→ WORK TASK
Once the pictures are set aside, transcribe each line of the data exactly.

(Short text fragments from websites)

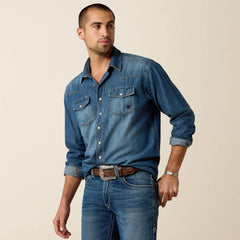 Denim Retro Fit Shirt-Ariat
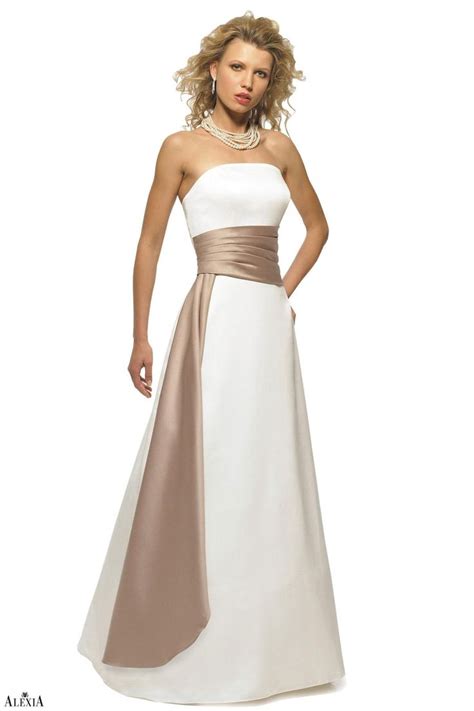 Chiffon A Line Pleated Strapless Style 2614 Bridesmaid Dress By Alexia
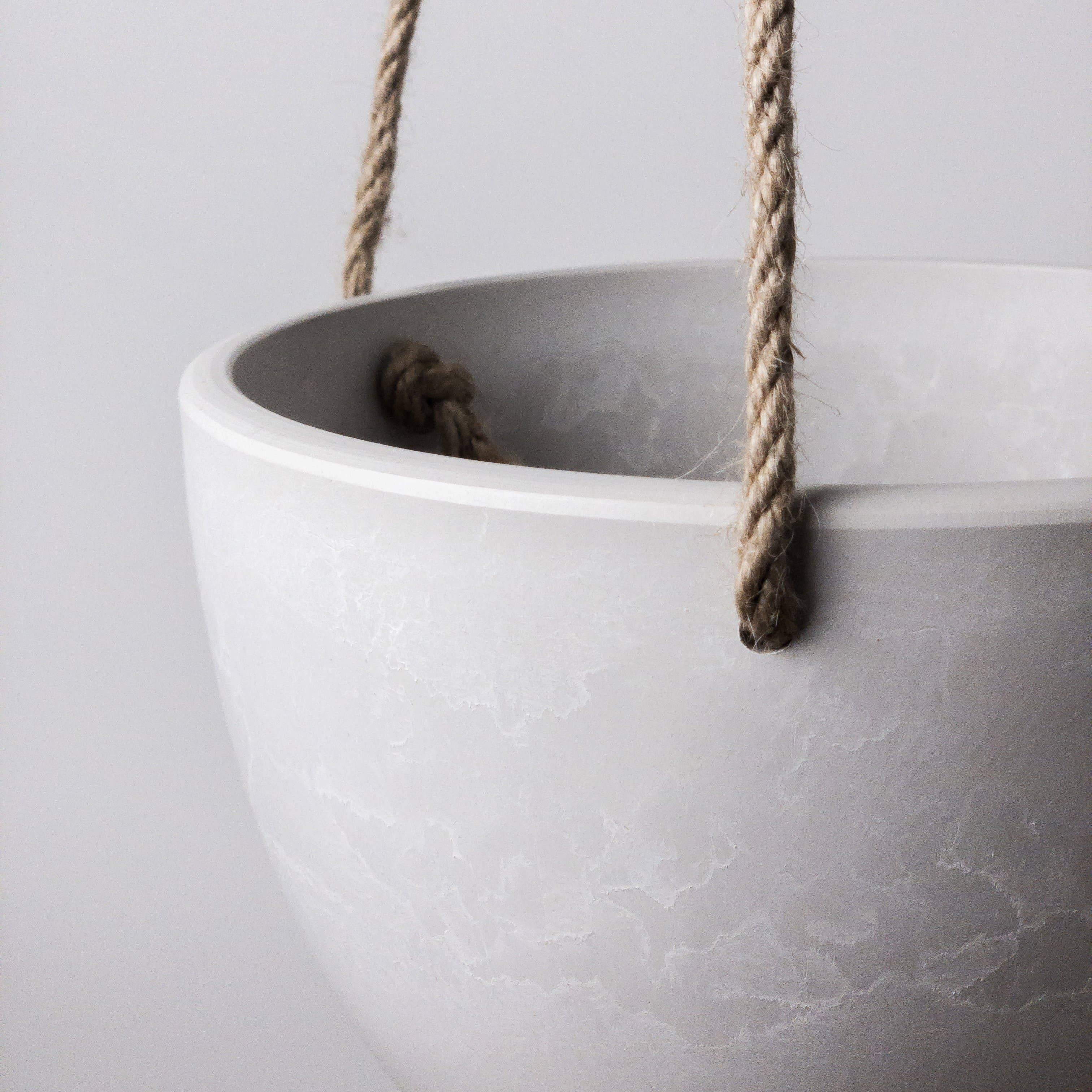 8" Signature Stone Hanging Planter
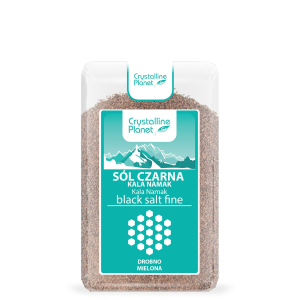 SÓL CZARNA KALA NAMAK DROBNO MIELONA 600 g – CRYSTALLINE PLANET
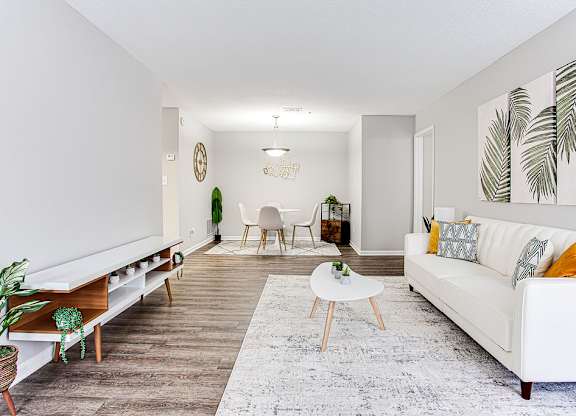 Living Area With Dining at Wildcreek Apartments, Clarkston, 30021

→ WRITTEN SOLUTION
 Denim Retro Fit Shirt-Ariat
 Chiffon A Line Pleated Strapless Style 2614 Bridesmaid Dress By Alexia
 8" Signature Stone Hanging Planter
 SÓL CZARNA KALA NAMAK DROBNO MIELONA 600 g – CRYSTALLINE PLANET
 Living Area With Dining at Wildcreek Apartments, Clarkston, 30021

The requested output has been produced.